İşte 2025’in son demleri bu ayma halinin isyanının taşmasıyla son buldu.. Aralık ayına kadar katman katman soydu hayat derimi, ortaya çıkan her yarama göz göre göre tuz bastı.. Aşık oldum dedim yok olmaz o seni diğerlerinden daha derin kırmalı dedi, uyandım dedim yok olmaz senin uykun çok derin sen her uyandım dediğinde pişman olacaksın dedi, başarıyorum dedim daha başardım bile diyemeden yok olmaz ben sana bunu hak görmüyorum dedi, yetmedi sevdiğim iki canı da peş peşe alarak al bak dedi her alanda canın yandı ama bir bu eksik kalmıştı bunu da yıl bitmeden bir tat dedi.. Ne uçacak kanat kaldı, ne söyleyecek söz, ne bağıracak nefes kaldı, ne de yürüyecek güç.. Aklım dünyadan kayırdı beni; doğru ne yanlış ne, bunlar karma mı, bedel mi, yolculuğumun parçası mı, döngüler ne, hani iyileşmeye başlamıştım neden hep ayağa kalkıyorum dedikçe daha sert tekme atıyor ki hayat, yetti artık herkes mi çok buldu kendini de bu kadar tutunacak şeylere sahip, bir ben miyim göze batan, madem öyle bende görünmez olurum, al bakalım.. Ve daha nefes aldırmayan sorular, sorular, sorular..

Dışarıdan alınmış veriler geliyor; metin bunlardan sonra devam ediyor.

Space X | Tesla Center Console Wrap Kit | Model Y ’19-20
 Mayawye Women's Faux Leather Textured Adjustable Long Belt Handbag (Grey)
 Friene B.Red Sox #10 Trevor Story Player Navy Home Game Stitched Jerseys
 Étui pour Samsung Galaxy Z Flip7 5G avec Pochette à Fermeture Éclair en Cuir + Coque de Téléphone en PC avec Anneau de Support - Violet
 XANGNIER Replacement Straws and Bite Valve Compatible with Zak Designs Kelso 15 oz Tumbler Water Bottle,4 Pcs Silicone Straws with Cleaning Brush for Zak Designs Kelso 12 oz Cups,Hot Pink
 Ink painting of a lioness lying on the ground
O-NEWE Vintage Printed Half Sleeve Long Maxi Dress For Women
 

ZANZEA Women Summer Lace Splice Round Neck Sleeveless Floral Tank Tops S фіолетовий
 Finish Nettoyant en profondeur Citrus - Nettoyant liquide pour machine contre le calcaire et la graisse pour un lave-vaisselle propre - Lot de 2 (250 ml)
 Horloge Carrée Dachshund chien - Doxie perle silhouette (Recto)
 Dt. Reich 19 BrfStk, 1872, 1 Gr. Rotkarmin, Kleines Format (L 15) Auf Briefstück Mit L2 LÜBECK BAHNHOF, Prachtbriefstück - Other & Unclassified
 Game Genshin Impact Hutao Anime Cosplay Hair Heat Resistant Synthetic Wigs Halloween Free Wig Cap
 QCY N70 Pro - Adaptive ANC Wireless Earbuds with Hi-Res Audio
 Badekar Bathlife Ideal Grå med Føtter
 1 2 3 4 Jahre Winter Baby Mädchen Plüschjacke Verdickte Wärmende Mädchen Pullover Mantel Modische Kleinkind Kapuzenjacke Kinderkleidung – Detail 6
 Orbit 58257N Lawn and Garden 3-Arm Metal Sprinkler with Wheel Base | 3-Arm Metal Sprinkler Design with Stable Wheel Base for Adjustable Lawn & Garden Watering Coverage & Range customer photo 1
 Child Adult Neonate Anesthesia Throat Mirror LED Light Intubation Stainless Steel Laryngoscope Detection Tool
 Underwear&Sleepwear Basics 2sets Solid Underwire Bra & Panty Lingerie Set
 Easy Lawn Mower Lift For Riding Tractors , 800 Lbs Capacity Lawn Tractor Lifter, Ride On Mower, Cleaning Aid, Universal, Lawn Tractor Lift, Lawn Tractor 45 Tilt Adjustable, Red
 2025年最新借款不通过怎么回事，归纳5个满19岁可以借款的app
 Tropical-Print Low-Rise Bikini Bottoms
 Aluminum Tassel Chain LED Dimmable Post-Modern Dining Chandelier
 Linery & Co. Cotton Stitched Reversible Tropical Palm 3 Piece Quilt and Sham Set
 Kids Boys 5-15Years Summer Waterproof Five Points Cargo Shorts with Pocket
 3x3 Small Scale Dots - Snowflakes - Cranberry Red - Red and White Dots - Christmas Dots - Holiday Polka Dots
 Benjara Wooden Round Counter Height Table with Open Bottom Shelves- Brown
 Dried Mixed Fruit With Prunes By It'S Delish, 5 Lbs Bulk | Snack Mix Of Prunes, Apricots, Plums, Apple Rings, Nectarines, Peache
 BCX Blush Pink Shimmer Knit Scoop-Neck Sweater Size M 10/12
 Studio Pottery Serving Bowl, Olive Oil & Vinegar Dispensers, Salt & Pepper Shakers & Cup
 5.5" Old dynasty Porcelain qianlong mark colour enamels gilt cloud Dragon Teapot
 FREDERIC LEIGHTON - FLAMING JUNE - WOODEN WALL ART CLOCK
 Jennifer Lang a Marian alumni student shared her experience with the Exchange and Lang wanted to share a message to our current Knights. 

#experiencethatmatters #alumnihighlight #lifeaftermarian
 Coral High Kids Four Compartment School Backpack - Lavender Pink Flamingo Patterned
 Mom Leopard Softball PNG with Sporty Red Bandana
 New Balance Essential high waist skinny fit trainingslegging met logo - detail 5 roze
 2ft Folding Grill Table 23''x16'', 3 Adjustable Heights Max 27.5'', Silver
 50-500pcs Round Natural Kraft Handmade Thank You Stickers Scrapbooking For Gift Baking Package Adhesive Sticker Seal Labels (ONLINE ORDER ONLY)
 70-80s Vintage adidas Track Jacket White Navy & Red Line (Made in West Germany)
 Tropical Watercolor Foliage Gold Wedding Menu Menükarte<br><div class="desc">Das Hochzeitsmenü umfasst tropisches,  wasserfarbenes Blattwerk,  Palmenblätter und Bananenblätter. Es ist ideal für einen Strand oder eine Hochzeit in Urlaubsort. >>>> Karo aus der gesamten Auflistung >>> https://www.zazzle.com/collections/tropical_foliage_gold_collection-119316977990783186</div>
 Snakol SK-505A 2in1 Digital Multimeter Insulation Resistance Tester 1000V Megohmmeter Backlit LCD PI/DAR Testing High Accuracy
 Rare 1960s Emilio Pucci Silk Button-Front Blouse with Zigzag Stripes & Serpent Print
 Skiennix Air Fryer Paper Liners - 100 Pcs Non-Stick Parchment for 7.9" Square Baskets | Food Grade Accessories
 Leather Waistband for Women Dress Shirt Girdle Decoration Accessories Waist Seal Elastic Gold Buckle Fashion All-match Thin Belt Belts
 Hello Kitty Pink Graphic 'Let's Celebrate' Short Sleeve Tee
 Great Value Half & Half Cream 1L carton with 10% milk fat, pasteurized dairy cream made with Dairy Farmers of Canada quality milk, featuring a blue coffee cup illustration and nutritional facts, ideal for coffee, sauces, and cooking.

Sonu gelmeyen sorular, cevap bulunamayan sorgulamalar, çözülemeyen düğümler.. Birikti, bulandı ve bedenim en sonunda kaldıramadığı için kustu.. Beden atmak istiyor da işte akıl öyle alışmış ki isyana, hikayelere tutundukça tutunuyor.. Bildiği yer zarar verse de oradan çıkmak istemiyor.. Zihin dünyasının gerçek dünyaya meydan okuma şekli bu sanırım.. Neden diyor neden, neden bir mesaj, bir arama gelmez, neden bir insan değer veriyorum demesine karşın o verdiği değeri göstermekten bu kadar korkar, neden biraz olsun karşısındakinin de sevgi dilini konuşmaya özen göstermez, kontrol olur mu sevgide, geri adım atılır mı dünya bu denli hızlı bir zaman harcama sürecindeyken!. İnsan sevgisini doyasıya yaşamak varken kadere ve zamana bırakıp kaçabilir mi o kişiyi? Demez mi hayat ”sen korkup saklanırken onun hakkı olan sevgiyi ben ona göğsünü gere gere verecek olanı çıkaracağım karşısına, yeter ki o istesin” diye.. İşte bu ve daha nice haykırışlar, aklın hiç susmadığı..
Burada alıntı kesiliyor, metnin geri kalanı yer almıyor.